The revenue to NAU alone exceeded $2 million, so it doesn’t take much imagination to hear the cash registers ringing as families stay, eat and shop in town while the kids check out campus or perfect their soccer technique. A study by the Arizona Rural Policy Institute at NAU estimated that visitors of all types to NAU spend $78 million a year in Coconino County, mostly in Flagstaff—and that was three years ago.

“These activities may not draw a lot of attention from the community, but they do bring in plenty of people,” said NAU associate vice president Jane Kuhn. “Events on campus, from weeklong camps to daily tours, clearly have an impact on the local economy.”
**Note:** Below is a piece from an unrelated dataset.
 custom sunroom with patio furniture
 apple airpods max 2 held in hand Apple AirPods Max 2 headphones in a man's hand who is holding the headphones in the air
Freshman Erica Brook, of Long Island, N.Y., came to campus in August for a two-day freshman orientation session and was joined by her mother, brother and six other extended family members.

“We’re a very close family and we all wanted to be a part of this,” said Brook’s cousin, Hayley Conboy, whose family of four made the trip from Pennsylvania. She and her husband, Brian, met as NAU undergrads in the ’90s and were eager to share their excitement for their alma mater. “We have so many great memories of our time here as students. A lot has changed since then, both on and off campus, but it’s been so much fun discovering it all.”

Brook’s mother, Heidi, said making the trek to Arizona from New York meant they couldn’t bring along everything they wanted. So they spent a lot of time shopping locally to set up Erica with everything she might need for her dorm room, classroom and to get around campus. That included school supplies and books, new bedding, decorations and cleaning supplies, a new bike, a skateboard and lots of winter gear.

“We all enjoyed eating out at the local restaurants, and we also made a visit to Lowell Observatory,” she said “We even checked out a local storage company in anticipation of Erica’s move home next summer.”

Conboy’s parents, Marty and Shelly Kornbluth, also joined them from Scottsdale. While Erica got settled in on campus, the rest of the family settled in for four nights at a local hotel.

“I would come back to NAU in a second if I could,” Conboy said. “I can see why people live here.”

Emotional ties may not be the primary draw for all visitors, but the lure of Flagstaff shows up clearly in the numbers. Camps for youth sports, education, music and other interests led to more than 70 events and 8,300 attendees in FY13.

On the academic side, 10 orientation sessions in May and June drew 4,017 students plus 5,601 parents and guests; a total of 1,950 were registered for August sessions. In all, 23,660 students and guests participated in daily campus visits, Discover NAU and group tours, up from 18,599 in fiscal year 2012.